El América vs Pumas volvió a dejar claro por qué es uno de los duelos más intensos del futbol mexicano. El empate 3-3 no solo estuvo cargado de goles y emoción, también de choques físicos que llevaron a varios jugadores al límite.

Las Águilas terminaron el partido con varias bajas sensibles: Cristian Borja rumbo al hospital, Sebastián Cáceres con una lesión preocupante, pero hubo otra imagen que pasó desapercibida en la transmisión y que refleja el nivel de exigencia con el que se jugó el clásico.

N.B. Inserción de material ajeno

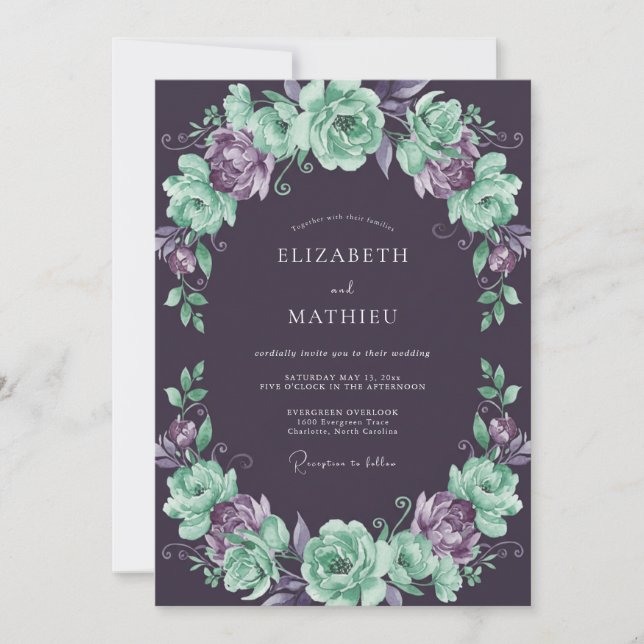 Invitación Boda de Ranúnculo de Menta y Ciruela con Eucalipto (Anverso)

La escena que no se vio y muestra el costo físico del partido

Erick Sánchez fue uno de los protagonistas silenciosos de la noche. Durante el partido, el mediocampista sufrió un golpe que terminó provocándole una herida en la frente, a la altura de la ceja, que lo hizo sangrar de manera visible.

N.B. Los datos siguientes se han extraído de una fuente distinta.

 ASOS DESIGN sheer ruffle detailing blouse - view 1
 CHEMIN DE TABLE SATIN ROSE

Sin embargo, lo más impactante ocurrió fuera de cámaras. Sánchez terminó el encuentro con un vendaje grueso cubriéndole la cabeza para detener el sangrado, una imagen que no fue captada durante la transmisión oficial pero que rápidamente comenzó a circular después.

El “Chiquito” abandonó el terreno de juego al minuto 79, pero su intensidad nunca bajó. Este tipo de escenas reflejan el costo real de partidos de alta tensión como este. Ahora, América no solo piensa en el resultado, sino en recuperar a sus piezas en medio de una Liguilla que no da margen de error.